Sentiment analysis (also known as opinion mining) refers to the use of natural language processing, text analysis and computational linguistics to identify and extract subjective information in source materials. The code given in the repository is implemented in python and is using Naive Bayes Classifier and also it's improved version.
This was built in Python 3.4 and please refer to the pre-requistes required for running it successfully.

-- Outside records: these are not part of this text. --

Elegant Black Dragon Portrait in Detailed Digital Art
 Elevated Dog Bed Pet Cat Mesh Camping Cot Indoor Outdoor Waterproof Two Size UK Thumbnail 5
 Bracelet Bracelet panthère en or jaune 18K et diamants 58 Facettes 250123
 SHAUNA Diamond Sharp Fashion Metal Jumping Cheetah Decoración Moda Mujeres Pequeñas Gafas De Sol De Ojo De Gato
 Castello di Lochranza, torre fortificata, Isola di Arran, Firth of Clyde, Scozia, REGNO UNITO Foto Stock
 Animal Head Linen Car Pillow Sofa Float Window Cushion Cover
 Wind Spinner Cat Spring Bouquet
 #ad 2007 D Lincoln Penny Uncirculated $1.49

- Python 3.4 (although it shoudn't have problem running on other Python versions apart from some syntax changes)
- NLTK for Python
- Stopwords corpus
- Wordnet corpus
- Clone/Download zip of SentAnalysis.
- Extract content of the zip.
- Run mainFile.py in IDLE or cmd and you would see the following -
Enter file name: twitterData.csv #Enter the filename(enter path also if stored in another location)
Enter number of records to be read: 5000 #The top n records will be taken from the dataset for creating the model
Processing..
NBC or improved NBC? Enter NBC/iNBC:
(Improved NBC takes into account high information words and removes the low information words, cutoff set to 5) - iNBC
Improved NBC is running..
Accuracy = 75.15974440894568%
Enter sample text to determine sentiment: @VirginAmerica completely awesome experience last month BOS-LAS nonstop. Thanks for such an awesome flight and depart time. #VAbeatsJblue
positive
- Extract the zip content
- Open cmd
- Run the following commands -
cd "folderpath where zip is extracted"
python setup.py install
- Extract the contents in your python directory.